Les épais nuages qui s’amoncellent et s’assombrissent sans cesse au-dessus de nous ont été heureusement transpercés, jeudi dernier, un puissant et bienvenu éclair de lumière. Annie Ernaux est couronnée du prix Nobel de littérature. Ce prix récompense en même temps la littérature et l’engagement. […]
Avec l’œuvre riche, percutante, intime et universelle, d’Annie Ernaux, la littérature commence par parler d’elle pour mieux parler de toutes et tous, de la vie, de nos vies. Une écriture qui agence des détails intimes d’où jaillissent les tracas et les soucis, la force d’une colère et d’un espoir […].
Une écriture qu’elle dit « plate » pour mieux mettre en relief les choses de la vie, chaque trace, chaque épisode, chaque fragment du quotidien pour dégager des chemins d’avenir.
En décernant ce prestigieux prix à Annie Ernaux, l’Académie suédoise a amplifié le cri de révolte des Iraniennes, qui se battent si courageusement contre l’oppression obscurantiste, et les voix de toutes les femmes à travers le monde, le jour du cinquième anniversaire du mouvement #MeToo.

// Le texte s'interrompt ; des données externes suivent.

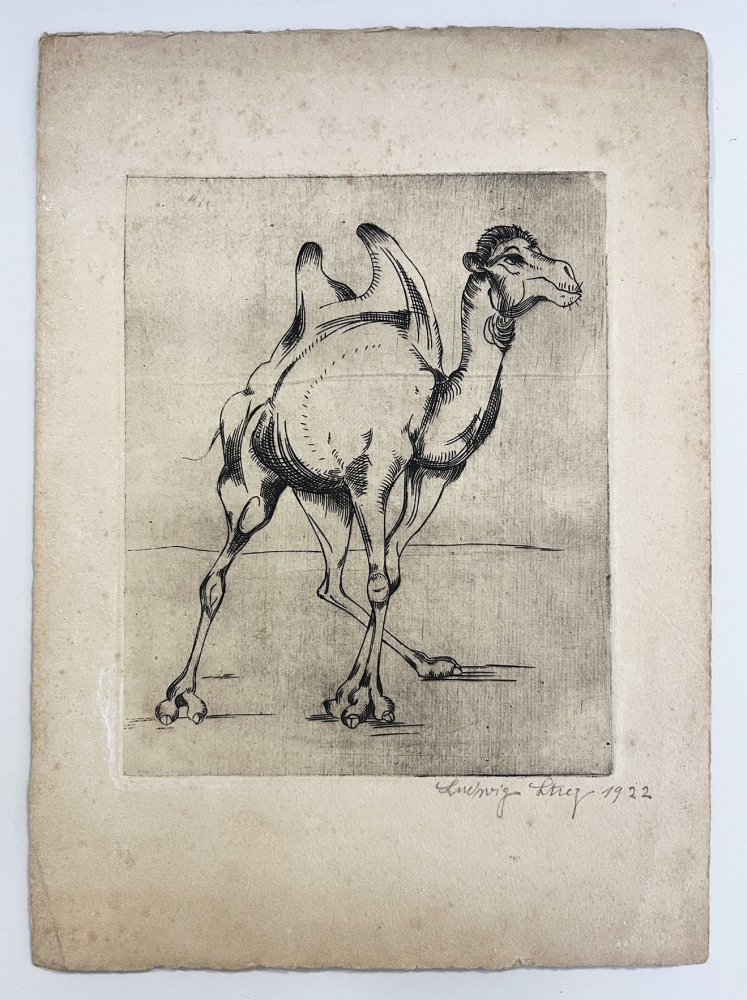 Ludwig Stieg, camel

Cet élan mondial puissant a libéré la parole et les aspirations d’émancipation du patriarcat et du système qui creuse les inégalités entre les femmes et les hommes. Ce mouvement jeune et féministe, comme celui des jeunes pour le climat, comme ceux des travailleuses et des travailleurs pour de meilleures rémunérations et pour donner « sens » au travail est une résistance aux vagues brunes qui charrient les venins de la haine, des restrictions de liberté, de l’uniformisation de la culture, des menaces contre le droit à l’avortement. C’est une quête de nouveaux droits et de nouvelles émancipations contre l’égoïsme capitaliste qui s’insinue partout dans les sables perméables de nos sociétés.
« J’importe dans la littérature quelque chose de dur, de lourd, de violent même, lié aux conditions de vie, à la langue du monde qui a été complètement le mien jusqu’à 18 ans, un monde ouvrier et paysan. Toujours quelque chose de réel » développe Annie Ernaux dans « l’écriture ». Tout est beau chez elle. Elle est une voie singulière, un appui pour tous les mouvements d’émancipation.
La lettre du 09 oct 2022 – Patrick Le Hyaric. Source (Extraits – Lecture libre)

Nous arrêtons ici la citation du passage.